As a result, we could investigate the characteristics of the stress occurring in the tank by the pressure applied. Moreover, by minimizing the number of elements of the model, the accuracy of the simulation was enhanced and the time to perform the thermal-structural analysis and fatigue analysis was reduced.

3. Heat Transfer Analysis

3.1. Initial Condition and Variable Determination

In this study, the heat transfer process in an LNG tank at various filling ratios was analyzed using the finite element method [25–27]. The analysis was carried out assuming the three-dimensional unsteady state with no heat generation in a fixed region of space [28]. The convection condition was applied with a convection coefficient and bulk temperature in the inner and outer surfaces of the tank, together with the element properties (Table 2). Only convection was expected to occur within the tank containing LNG and air. In this work, the LNG convection coefficient was set at 3000 W/m² °C and that of the air was 20 W/m² °C. The temperature of the LNG was set as −163°C. In addition, the heat transfer characteristics of the outer region of the tank were ignored, and the boundary temperature conditions were assumed to be constant. If LNG is loaded into a fuel tank without cooling, significant shrinkage would occur rapidly, leading to problems such as cracking of the tank shell [29]. For this reason, the inner tank temperature was reduced to −130°C before loading the LNG into the fuel tank. Thus, the initial inner temperature of the LNG fuel tank was set at −130°C, and the initial outer temperature was set as 15°C.

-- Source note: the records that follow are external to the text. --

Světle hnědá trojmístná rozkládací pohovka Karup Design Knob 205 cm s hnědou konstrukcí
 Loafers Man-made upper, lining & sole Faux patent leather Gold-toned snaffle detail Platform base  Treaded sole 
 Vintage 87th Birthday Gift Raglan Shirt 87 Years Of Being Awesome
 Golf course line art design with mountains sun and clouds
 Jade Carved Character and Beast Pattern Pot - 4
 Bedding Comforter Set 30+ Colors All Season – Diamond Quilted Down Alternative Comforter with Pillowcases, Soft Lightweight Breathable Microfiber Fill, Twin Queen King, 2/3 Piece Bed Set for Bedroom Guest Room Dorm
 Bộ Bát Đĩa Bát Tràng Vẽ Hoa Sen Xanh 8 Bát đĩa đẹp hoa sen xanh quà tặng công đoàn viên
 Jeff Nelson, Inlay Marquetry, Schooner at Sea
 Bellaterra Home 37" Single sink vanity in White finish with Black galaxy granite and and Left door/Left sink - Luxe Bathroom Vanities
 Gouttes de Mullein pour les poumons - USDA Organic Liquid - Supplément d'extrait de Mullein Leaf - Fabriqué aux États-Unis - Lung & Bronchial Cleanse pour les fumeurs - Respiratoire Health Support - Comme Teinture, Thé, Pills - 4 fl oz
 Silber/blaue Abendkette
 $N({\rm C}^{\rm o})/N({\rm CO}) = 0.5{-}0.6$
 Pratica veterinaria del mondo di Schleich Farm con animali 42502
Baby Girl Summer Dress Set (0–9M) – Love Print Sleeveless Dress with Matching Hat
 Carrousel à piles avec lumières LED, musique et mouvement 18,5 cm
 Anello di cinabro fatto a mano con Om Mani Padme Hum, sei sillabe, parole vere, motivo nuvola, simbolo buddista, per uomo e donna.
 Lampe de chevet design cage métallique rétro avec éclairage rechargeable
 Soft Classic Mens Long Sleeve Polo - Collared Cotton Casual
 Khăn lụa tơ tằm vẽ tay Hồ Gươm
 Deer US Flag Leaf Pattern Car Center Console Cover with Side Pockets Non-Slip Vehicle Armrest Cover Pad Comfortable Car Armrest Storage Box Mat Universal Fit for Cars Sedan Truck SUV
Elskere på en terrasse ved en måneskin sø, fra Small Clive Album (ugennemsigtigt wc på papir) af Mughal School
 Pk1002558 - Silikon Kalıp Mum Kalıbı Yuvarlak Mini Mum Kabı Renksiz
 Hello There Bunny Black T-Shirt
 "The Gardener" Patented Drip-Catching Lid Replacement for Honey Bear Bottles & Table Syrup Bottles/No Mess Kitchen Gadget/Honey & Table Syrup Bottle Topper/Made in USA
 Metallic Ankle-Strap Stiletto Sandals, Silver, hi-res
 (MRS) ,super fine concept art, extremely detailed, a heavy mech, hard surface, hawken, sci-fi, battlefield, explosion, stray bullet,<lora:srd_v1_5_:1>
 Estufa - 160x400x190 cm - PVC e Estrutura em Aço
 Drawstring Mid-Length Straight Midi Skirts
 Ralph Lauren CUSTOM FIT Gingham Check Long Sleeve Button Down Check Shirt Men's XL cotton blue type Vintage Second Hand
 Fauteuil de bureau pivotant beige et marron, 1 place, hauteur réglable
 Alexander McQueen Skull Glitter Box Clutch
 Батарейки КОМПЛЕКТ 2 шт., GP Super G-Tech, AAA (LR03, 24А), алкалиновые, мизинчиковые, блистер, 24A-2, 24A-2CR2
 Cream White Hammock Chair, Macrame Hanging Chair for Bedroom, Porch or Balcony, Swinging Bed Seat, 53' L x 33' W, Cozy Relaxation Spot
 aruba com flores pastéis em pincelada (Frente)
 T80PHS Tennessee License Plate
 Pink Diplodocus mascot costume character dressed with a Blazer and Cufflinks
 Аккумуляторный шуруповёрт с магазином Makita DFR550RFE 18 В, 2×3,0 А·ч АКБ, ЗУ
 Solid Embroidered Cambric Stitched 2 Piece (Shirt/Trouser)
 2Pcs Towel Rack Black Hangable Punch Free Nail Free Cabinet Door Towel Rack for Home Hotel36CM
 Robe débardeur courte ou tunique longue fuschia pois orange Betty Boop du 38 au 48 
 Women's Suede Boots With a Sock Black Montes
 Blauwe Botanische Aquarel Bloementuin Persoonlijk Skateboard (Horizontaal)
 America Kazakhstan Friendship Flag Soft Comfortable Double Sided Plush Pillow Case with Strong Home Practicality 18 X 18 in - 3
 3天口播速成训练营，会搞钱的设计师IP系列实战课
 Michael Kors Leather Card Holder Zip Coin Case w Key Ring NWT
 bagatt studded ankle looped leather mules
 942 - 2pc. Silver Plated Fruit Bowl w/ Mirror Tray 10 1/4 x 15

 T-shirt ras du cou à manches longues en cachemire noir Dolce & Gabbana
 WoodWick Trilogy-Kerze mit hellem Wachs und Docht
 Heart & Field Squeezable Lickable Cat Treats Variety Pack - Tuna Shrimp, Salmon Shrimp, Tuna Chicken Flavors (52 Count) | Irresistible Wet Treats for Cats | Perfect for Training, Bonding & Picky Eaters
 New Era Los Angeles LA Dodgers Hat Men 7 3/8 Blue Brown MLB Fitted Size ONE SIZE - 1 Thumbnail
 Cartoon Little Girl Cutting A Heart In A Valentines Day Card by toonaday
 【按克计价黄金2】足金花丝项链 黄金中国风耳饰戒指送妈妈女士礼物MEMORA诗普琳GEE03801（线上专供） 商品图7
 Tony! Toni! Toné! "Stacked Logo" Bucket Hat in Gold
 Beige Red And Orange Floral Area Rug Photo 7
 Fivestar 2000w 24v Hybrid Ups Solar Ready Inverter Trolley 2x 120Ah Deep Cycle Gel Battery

3.2. Heat Transfer Analysis Results

Heat transfer analysis according to filling ratios was performed. Analysis conditions on thermal load of the LNG fuel tank with 15, 50, and 90% filling ratios were employed. As a result, the temperature distribution and thermal stress distribution of the LNG fuel tank for all filling ratios were obtained (Figure 6). For all filling ratio levels, the maximum stress level is observed at the support. It is known that maximum stresses occurred at parts where large shrinkage is expected. Consequently, it is considered that the influence on the filling ratio in the thermal analysis need not be deliberated because no large differences owing to the filling ratios are observed.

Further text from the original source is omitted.